Double bass
(Fr. contrebasse; Ger. Kontrabass; It. contrabasso, contrabbasso; Sp. contrabajo)
The largest and lowest-pitched bowed string instrument in use. It has four or (less often) five strings tuned in 4ths and sounds an octave lower than the cello. In western art music it is best known for its contribution to the orchestra, where it supplies not only the power and weight but the basic rhythmic foundation, and has also been used as a continuo instrument. More rarely the bass is heard as a soloist, in which field its surprisingly large repertory includes over 200 concertos. The instrument, normally played pizzicato, is an essential member of jazz and dance bands; in many countries it is used in military and concert bands.
Double basses vary in shape and size more than almost any other instrument. There are two basic designs: one is shaped like a viol, the other like a violin. Of the smallest basses (bassetti and chamber basses) some are little bigger than a cello, while some of the larger (full-size) instruments can have a body of anything up to about 140 cm in length. The normal (three-quarter) size found in orchestras is about 115 cm. The ‘piccolo bass’, a rare small double bass used in jazz, is fitted with thin strings and tuned an octave higher than the standard instrument. Electric basses are becoming more popular in jazz and new music. These dispense with the traditional acoustic body, using synthesizers and amplication to process the sound instead. Orchestral music for the instrument is notated an octave higher than the actual pitch.
There are two types of bass bow in use today: the French bow and the German bow. Opinions differ widely concerning the merits of the two bows but it is doubtful whether either has any advantage over the other.
Research into the evolution of the double bass reveals a tangled web of several hundred years of changes in design and fashion in the dimensions of the instrument and consequently in its stringing and tuning. The picture is further complicated by the simultaneous use during any one period of different forms of bass in different countries.
Repertory and performers
Telemann’s unusual Trillensymphonie in D (1730) for two double basses, chalumeau, flute and harp continuo shows how differently he treated high and low tuned violoni. Little other solo music is known from the 18th century until the solo parts in Haydn’s symphonies (e.g. nos.6–8)of the early 1760s; then, in the four years from 1765, no fewer than 28 concertos appeared (by Vanhal, Zimmermann, Haydn, Franz Hoffmeister, Johannes Sperger and Dittersdorf).

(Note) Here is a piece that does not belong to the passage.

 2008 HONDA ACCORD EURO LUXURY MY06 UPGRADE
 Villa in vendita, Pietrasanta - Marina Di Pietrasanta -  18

In 1791 Mozart wrote his aria Per questa bella mano (k612) for bass and double bass to be performed by the singer Gerl with the bassist Friedrich Pischelberger (1741–1813). Josef Kämpfer (1735–88), a Hungarian virtuoso, toured Europe towards the end of the 18th century and is said to have greatly impressed Haydn. Although Kämpfer travelled as widely as St Petersburg, Copenhagen, Hamburg and London, it was not until Domenico Dragonetti settled in London that the bass gained popularity in England. The later Italian virtuoso Giovanni Bottesini had a different approach to the bass. While some critics praised Dragonetti’s powerful tone and his ability to play in tune, others scorned his loud and rasping style. For Bottesini there was little but praise; his delicate tone and agile technique stunned audiences.
The early 20th century saw the rise of Sergey Koussevitzky, another virtuoso who conducted. Since Koussevitzky many virtuosos have made recordings, and traditional bass technique has been greatly developed since the 1950s. Gary Karr has a repertory of more than 30 concertos, many of which he commissioned. The American Bertram Turetzky has commissioned over 200 works and has developed his own particular style of playing, centred on pizzicato and non-traditional bow techniques. In England Barry Guy has explored new avenues of sound by coupling the bass to electronic apparatus controlled during performance at the player’s discretion. Until his death in 1991, the Czech František Pošta was the leading exponent of the school of playing descended from Wenzel Hause and Josef Hrabě. Other noted double bass players include the Berliner Klaus Stoll, the Viennese Ludwig Streicher, the Italian Francesco Petracchi, the Finn Jorma Katrama, the French virtuosos Francois Rabbath and Joëlle Leandre and the Briton Duncan McTier, all of whom have made significant contributions to the instrument’s recorded solo literature; Alfred Planyavsky is an eminent historian of the instrument. It is hard to be certain when the double bass obtained a regular place in the orchestra.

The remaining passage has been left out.